Environmental risk assessment enables toxic effect of sedimentary PAHs in lakes to be estimated. Sediment quality guidelines (SQGs; CCME, 2002) have recently been employed to identify areas with high toxicological risk (Romano et al., 2008). The method for estimation of toxicity in remote lake’s sediment based on SQGs is presented here. This approach enabled the potential toxicological effect of PAHs to be compared within and between cores from Reforme lake and area or layer of highest toxicological risk to be identified. Moreso, recommendations for the characterization of lake sediments are lacking and quality criteria missing in the region. Thus, the study is part of a regional project aimed at providing recommendations for the assessment of sediment toxicity in Nigeria. In addition, the study aimed to provide a basis for discussion to help experts and stakeholders take decisions regarding the applicability of sediment quality assessment criteria for future management strategy in Nigeria.

Refome Lake was chosen for the study on the following basis: 1) unique relief that allows minimal run-off, 2) investigation of inputs from atmospheric precipitation is easy and 3) authoustonous production can be assessed readily. A few organic geochemical studies that delineated the historical trends in the distribution of natural and anthropogenic biomarkers and PAHs have been reported previously by us for the lake (Oyo-ita et al., 2016; Oyo-ita et al., 2017). The present report is part of an overall project entitled “Organic Tracers of Toxicity in the Environment of Niger Delta (OTTEND)” aimed at assessing the potential risk and toxicity posed by certain pollutants in the drainage basin of Niger Delta. The main objectives of the study were to; 1) Determine the historical trend of PAHs contamination in sediment cores from the Refome lake over the last century, 2) identify possible sources of PAHs contamination, 3) assess sediment toxicity potential of PAHs in the lake and 4) identifies site and/or layer of high toxicological risk.

Detailed information about the study area is as described in (Oyo-ita et al., 2017; CRBDA, 1982; Ekwueme et al., 1995). Briefly, Refome Lake is a remote semi-enclosed small lake inthe southeast Niger Delta drainage basin, located at 80 E and 5.80 N inCross River State, Nigeria with a surface area of ~2 km² and a maximum depth of ~10 m at the center. Underground spring water constitutes the primary source of water. Occasional influx from adjoining Cross River estuary, particularly during intense rainfall (wet season), slightly enlarges the volume of the lake water (~21.01 × 10⁵ m³). The fluxes ranged from 65.43 to 102.61 ng∙m⁻²∙yr⁻¹ (mean 78.41 ± 3.52 ng∙m⁻²∙yr⁻¹).

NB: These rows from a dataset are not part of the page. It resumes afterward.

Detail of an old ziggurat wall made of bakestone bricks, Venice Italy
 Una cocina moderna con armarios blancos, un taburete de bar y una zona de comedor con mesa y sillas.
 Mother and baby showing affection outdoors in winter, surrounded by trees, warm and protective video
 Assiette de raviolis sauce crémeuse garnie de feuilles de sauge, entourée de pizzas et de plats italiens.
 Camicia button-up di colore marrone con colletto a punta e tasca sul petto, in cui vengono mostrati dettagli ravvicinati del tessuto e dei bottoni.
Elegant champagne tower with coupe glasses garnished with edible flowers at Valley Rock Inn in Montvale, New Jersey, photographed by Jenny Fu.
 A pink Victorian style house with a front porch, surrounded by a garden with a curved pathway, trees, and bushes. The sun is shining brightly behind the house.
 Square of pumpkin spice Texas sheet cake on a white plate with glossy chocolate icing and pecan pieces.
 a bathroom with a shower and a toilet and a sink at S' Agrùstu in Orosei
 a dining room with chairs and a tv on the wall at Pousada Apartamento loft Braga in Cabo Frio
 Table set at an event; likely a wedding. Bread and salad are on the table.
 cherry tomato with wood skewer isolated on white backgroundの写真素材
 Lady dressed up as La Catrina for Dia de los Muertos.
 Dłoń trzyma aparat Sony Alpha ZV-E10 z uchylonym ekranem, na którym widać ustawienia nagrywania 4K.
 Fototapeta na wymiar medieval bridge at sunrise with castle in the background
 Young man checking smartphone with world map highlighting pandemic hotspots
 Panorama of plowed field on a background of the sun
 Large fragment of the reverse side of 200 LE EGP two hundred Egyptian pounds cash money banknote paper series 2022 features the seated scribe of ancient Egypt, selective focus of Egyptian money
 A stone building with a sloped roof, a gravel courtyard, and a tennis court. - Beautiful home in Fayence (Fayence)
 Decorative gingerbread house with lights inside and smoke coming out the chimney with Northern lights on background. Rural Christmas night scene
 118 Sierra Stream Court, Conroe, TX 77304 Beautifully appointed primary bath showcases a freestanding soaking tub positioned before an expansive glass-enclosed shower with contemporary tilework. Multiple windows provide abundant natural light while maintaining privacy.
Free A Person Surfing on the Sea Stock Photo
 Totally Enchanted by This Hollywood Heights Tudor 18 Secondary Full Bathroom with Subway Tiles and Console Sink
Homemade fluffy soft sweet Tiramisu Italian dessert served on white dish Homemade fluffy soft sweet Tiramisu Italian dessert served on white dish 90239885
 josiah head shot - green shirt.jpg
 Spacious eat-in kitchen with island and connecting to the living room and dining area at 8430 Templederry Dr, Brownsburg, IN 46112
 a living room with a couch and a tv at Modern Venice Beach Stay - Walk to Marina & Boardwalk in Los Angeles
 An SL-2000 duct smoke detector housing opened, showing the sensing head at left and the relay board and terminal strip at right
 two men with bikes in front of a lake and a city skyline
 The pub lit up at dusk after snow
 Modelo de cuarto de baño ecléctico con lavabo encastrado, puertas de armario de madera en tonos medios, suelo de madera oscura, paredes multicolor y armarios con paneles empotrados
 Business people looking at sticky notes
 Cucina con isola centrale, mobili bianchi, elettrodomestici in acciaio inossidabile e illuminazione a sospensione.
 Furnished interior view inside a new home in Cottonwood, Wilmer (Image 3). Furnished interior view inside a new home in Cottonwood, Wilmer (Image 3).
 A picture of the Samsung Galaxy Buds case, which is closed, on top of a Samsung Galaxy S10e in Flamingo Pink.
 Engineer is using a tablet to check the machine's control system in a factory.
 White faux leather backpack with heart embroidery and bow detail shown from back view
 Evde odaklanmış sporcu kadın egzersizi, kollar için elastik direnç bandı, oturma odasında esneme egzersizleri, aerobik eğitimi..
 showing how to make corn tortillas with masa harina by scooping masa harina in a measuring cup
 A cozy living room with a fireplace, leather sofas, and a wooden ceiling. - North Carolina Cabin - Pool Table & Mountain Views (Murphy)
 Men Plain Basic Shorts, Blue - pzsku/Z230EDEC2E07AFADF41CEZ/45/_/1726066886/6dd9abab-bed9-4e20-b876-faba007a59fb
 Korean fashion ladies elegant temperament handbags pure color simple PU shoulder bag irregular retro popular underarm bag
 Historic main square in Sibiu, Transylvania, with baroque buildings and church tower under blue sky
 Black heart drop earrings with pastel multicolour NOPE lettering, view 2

Prior to Nigerian independence in 1960, Europeans (administrators’/military aides)occupied the lake catchments against the will of the villagers as the lake water served as a recreational/fishery facility—reliable historical information had it that most of the fishing activity took place mainly towards the center of the lake. This imposition in later years heralded the commencement of extensive farming activity and foot path-extension exercise involving tree logging/forest clearing and burning. Post independent Nigeria saw the departure of the white settlers and the subsequent resettlement of the villagers along the lake’s catchments. Prior to the time of discovery of oil in commercial quantity in Nigeria in 1956, utilization of imported refined petroleum products was limited as indigenous coal was the main source of energy in the country.

The geology of the study area is characterized by the Afikpo Formation, which is part of the lower Benue trough, within the Cretaceous sedimentary basin of southeastern Nigeria. The bedrock and soil of the region are rich in limestone (Silliman & Shelske, 2003).

2. Materials and Methods

2.1. Materials

The following suprasov-grade solvents used were provided by Dr. Ehrenstofer GmbH-Augsburg: methanol, dichloromethane, iso-octane, ethyl acetate, n-hexane and acetone used Germany. anhydrous NaSO₄ and AL₂O₃ active neutral (0.063 - 0.200 mm) were obtained from Merck-Hohenbrunn, Germany. The following perdeuterated PAHs were used as surrogates: naphthalene-d8 (98%), anthracene-d10 (98%), pyrene-d10 (98%), benzo[a]pyrene-d12 (98%), benz[a]anthracene-d12 (98%) (purchased from Cambridge Isotope Laboratory (Ambovar, USA) and triphenylamine (TPhA) as internal standard. Pre-cleaning of the vessels for analysis was carried out with ethyl acetate followed by acetone and heated at 450˚C overnight.

2.2. Sample

Two cores (RC and RS; 30 cm long) separated from each other by ~300 m were collected towards the center and shoreline of Refome Lake, respectively using a calibrated PVC corer on the 12^th August, 2014. Each core was sectioned into six sections (5 cm) making a total of 12 sub-samples. Samples were placed on pre-cleaned aluminum foil, wrapped, labeled and kept in a cooler of ice to prevent microbial activity. They were subsequently transferred to the laboratory, stored in a deep freeze at −20˚C until further processing [12]. They were later freeze-dried, lightly crushed and sieved to pass through <65 µm mesh and kept in a deep freeze at −20˚C prior to extraction.

2.3. Radiometric Analysis

Samples were analyzed using direct gamma assay (OrtecHPGe GWL series well-type coaxial low background intrinsic Ge detectors) of 50% relative efficiency covered in a 10 cm Pb shielding with Cd, Cu and plastic lining, using Canberra Genie 2000 as software. γ emissions at 46.5 keV were used in the determination of ²¹⁰Pb whereas 295 keV and 352 keV γ-rays emitted were used for the determination of ²²⁶Ra via its daughter isotope ²¹⁴Pb following storage in sealed containers for three weeks to allow for radioactive equilibration. Determination of activity concentrations (Bq·kg⁻¹ dw) of ²¹⁰Pb_sup and ²¹⁴Pb were performed. ²¹⁰Pbxs activity concentrations calculated for each sample was a reflection of a difference between ²¹⁰Pbtot and ²¹⁰Pb_sup.²¹⁴Pb in equilibrium with ²²⁰Ra was used for the estimation of ²¹⁰Pb_sup. Due to constant geometry of the samples, no individual self-attenuation corrections were applied for ²¹⁰Pb. Instead, efficiency values that were used was obtained experimentally with test sources of similar geometry. Radiometric dates were calculated from the ²¹⁰Pb record using procedures described by (Appleby, 1998).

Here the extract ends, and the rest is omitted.